1736-08-15, de Voltaire [François Marie Arouet] à — Berger.

Je ne peux assez remercier mr Gonay.
Il faudra que la 2e Henriade soit pour lui; car la première doit être pour vous.

Avez vous semoncé le paresseux Tiriot pour qu'il vous donne ses remarques? C'est un juge qui fait bien durer le procès qu'il a appointé. Il sera responsable de mes fautes. Pressez le, je vous en prie; car ce procès est devenu le vôtre. Le plus grand service qu'on puisse me rendre, est d'être sévère.

Pourquoi n'aimez vous pas les traits du tonerre? Mettez, si vous voulez, les feux ou les flammes; mais j'aime autant les traits. Vous trouverez ici quelques petites corrections. Si vous rencontrez dans votre chemin quelques expressions oiseuses, quelques redites, quelques pléonasmes, ne manquez pas, je vous prie, de me dénoncer les coupables. Je les bannirai à perpétuité de la Henriade.

J'ai lu les trois épîtres de l'auteur du Capricieux, des Ayeux chimériques, du Caffé, &c. qui donne des règles de théâtre, de l'auteur des couplets, qui parle de morale. Il me semble que je vois Pradon enseigner Melpomene & Rolet endoctriner Themis.

Je vous envoie l'ode sur l'ingratitude. J'ai dédaigné de parler de Desfontaines, il n'a pas assez illustré ses vices.

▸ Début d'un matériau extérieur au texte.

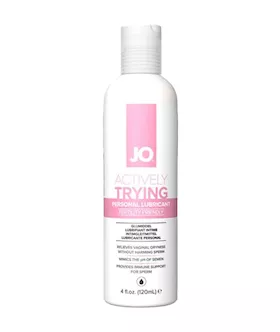 System JO Actively Trying Conception Lubricant 120ml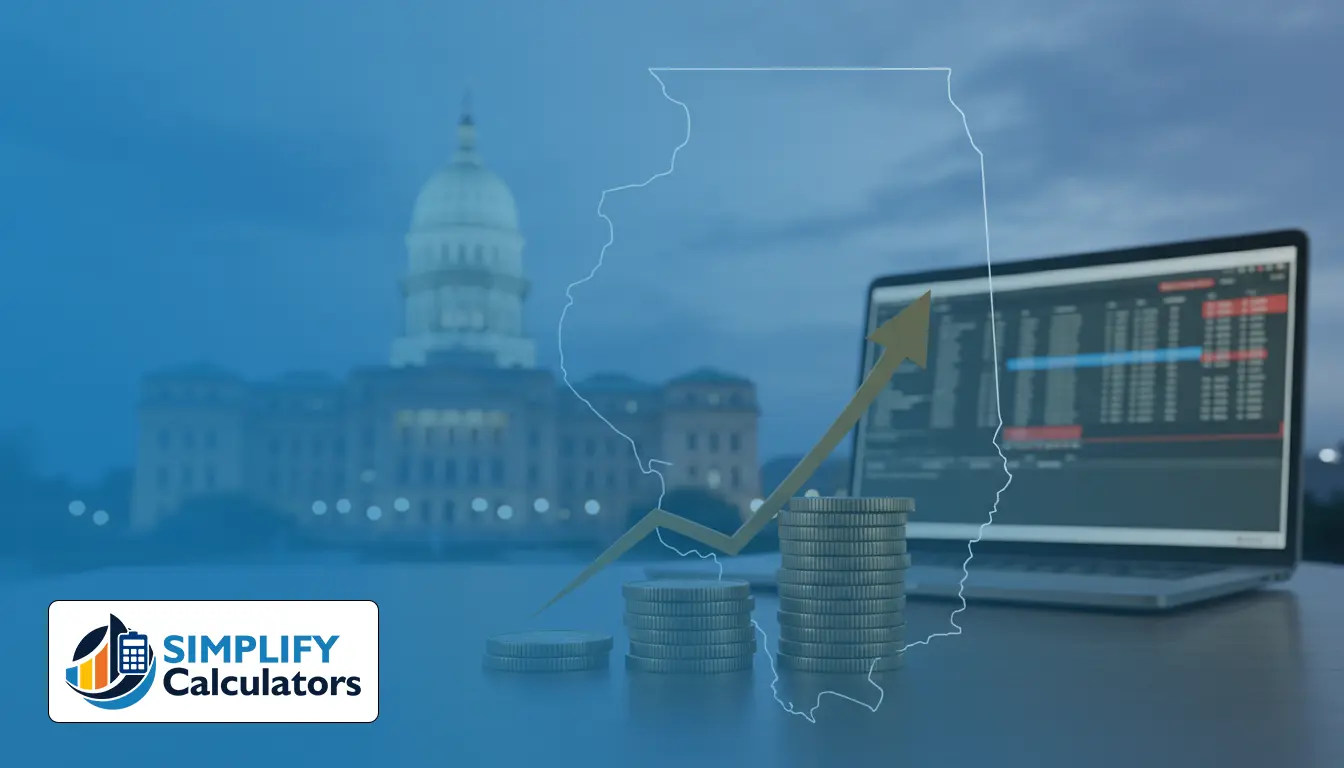 Federal Income Tax Calculator in Illinois for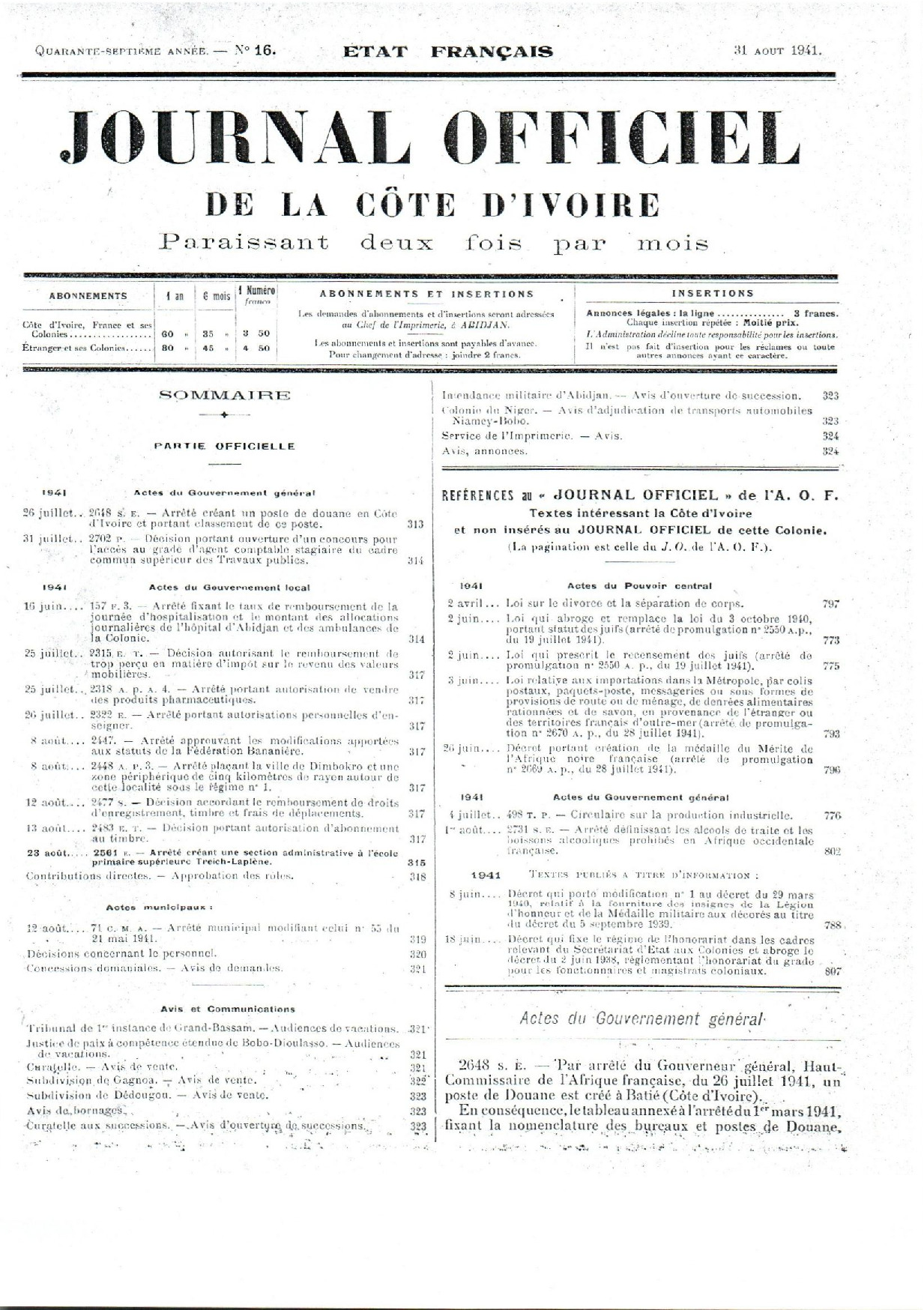 JO 1941-016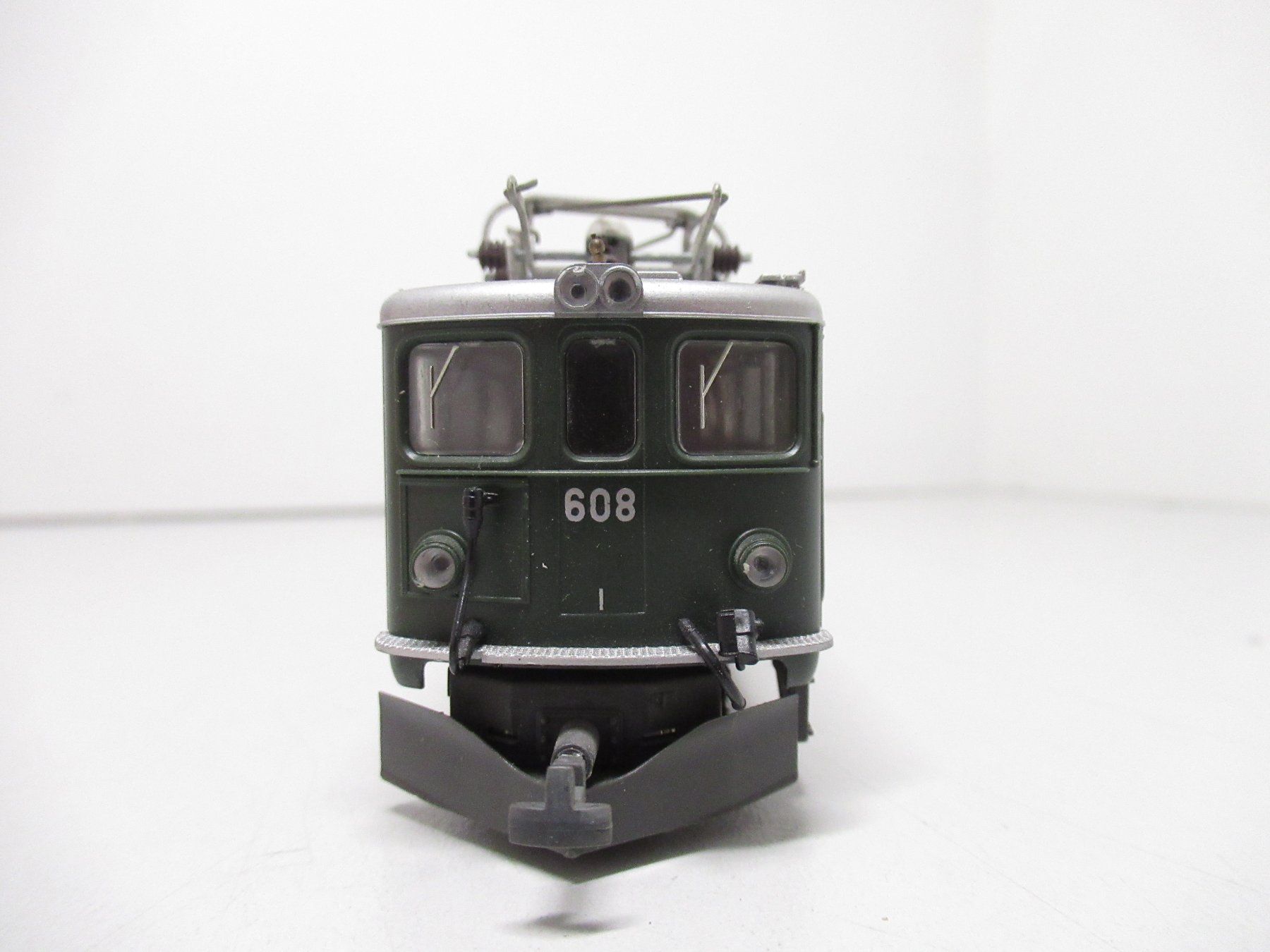 Bemo Modelleisenbahnen: Bemo 1250 E-lok Ge 4/4 der Rhätischen Bahn RhB Analog DC H0m – Gebraucht aus Basel von mhmarken 2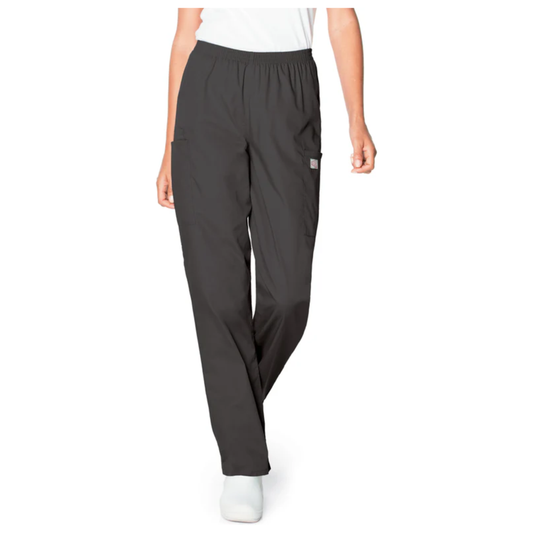 3-Pocket High-Rise Triple-Elastic Waist Pant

Je vous prie de donner à m. Saurin le jeune & à mr de Crebillon des copies de cette ode. Ils sont tous deux fils de personnes distinguées dans la littérature, que Rousseau a indignement attaquées. Ils doivent s'unir contre l'ennemi commun. Si Rousseau revenait, son hypocrisie serait dangereuse à mr Saurin le père, & le contre-coup en tomberait sur le fils. Je sais sur cela bien des particularités. Faites, je vous prie, mille compliments pour moi à mrs Saurin & Crebillon.

A l'égard de mr Hérault, s'il exige quelque chose de moi, je ferai ce que l'on exigera. Je vous prie de voir mr d'Argental, & de lui en parler.

Adieu, mon cher correspondant. Je suis bien sensible aux soins dont vous m'honorez. Mille compliments au gentil La Bruere, & à nos amis.